More things that aren’t here anymore

Reader Al Lopez of Victorian Mortgage on E Street, Ontario, compiled a list of businesses and sights that have vanished from the local landscape and faxed them over. “These are a few that I can remember. I’ve lived here since about 1949. My dad was born in Ontario in 1924 and has lived here his whole life,” Lopez wrote.

Unsure immediately what to do with it, I set the list aside, as I’m wont to do. The other day, tidying up my cubicle, I came across the list and made time to type it all up, essentially as Lopez wrote it.

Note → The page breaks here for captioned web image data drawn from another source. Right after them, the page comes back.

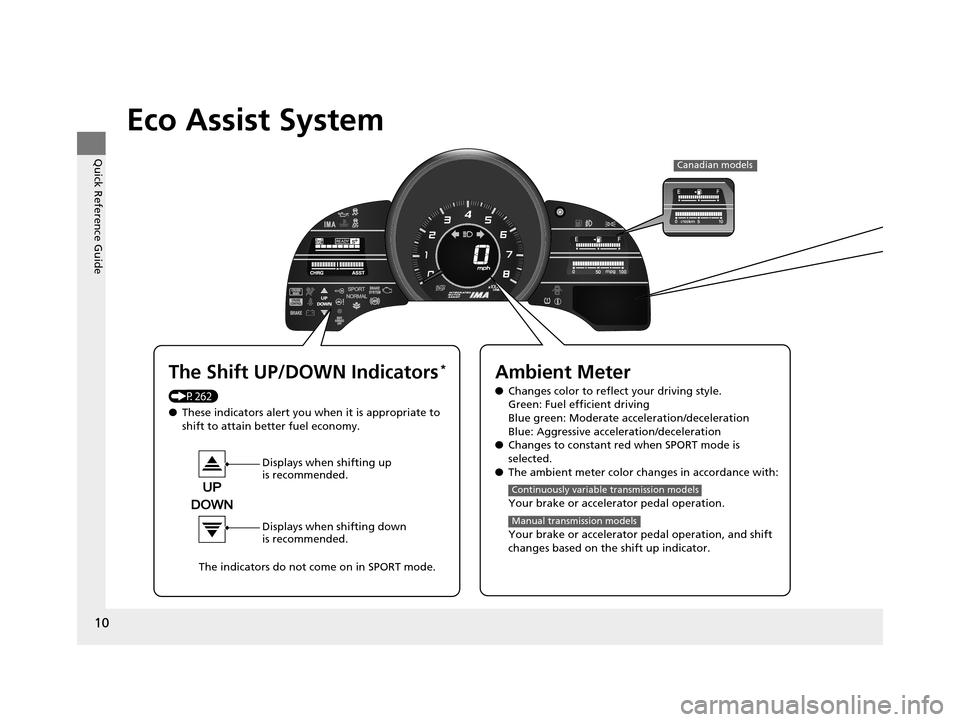 HONDA CR-Z 2016 1.G Owners Manual 10
Quick Reference Guide
Eco Assist System
The Shift UP/DOWN Indicators* 
(P262)
●These indicators alert you when it is appropriate to 
shift to attain be tter fuel economy.
Displays when shifting u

Enjoy.

On Holt Boulevard in Ontario: Bamboo Hut (bar, at Campus); Judy’s Past Time (bar and pool hall, between Lemon and Euclid), Tahiti Club (lounge, between Lemon and Euclid), Ford Lunch (restaurant, at Euclid), 1st Trust Bank (at Euclid), Orange Hotel (between Euclid and Sultana), Torley’s Market (at Sultana), Laddies (burgers, across from Torley’s), Sherman Williams (paint, at Sultana), Hoyt Lumber (at Plum), Dairy Queen (by Campus), Taco Lita (at San Antonio), Shady Grove Dairy (at San Antonio), Burger Lane (between San Antonio and Mountain), Citrus Motors (between San Antonio and Mountain), Mark Christopher (between Palm and Fern?), Valley Drive-In (movies, at Central).

On Euclid Avenue in Ontario: Bank of America (at B), California Theater (movies, at B), Fallis (clothing, at B), The Forum Theater (movies, ?), 1st National Bank (at E), Carnegie Library (at D), Walter’s Cafe (between F and G), Bank of Ontario (below overpass), JC Penney (below E), Bocanegra Bakery (at Francis), Donahoo’s Chicken (at G), Jasper the Ant picnic sign (for July 4th celebration).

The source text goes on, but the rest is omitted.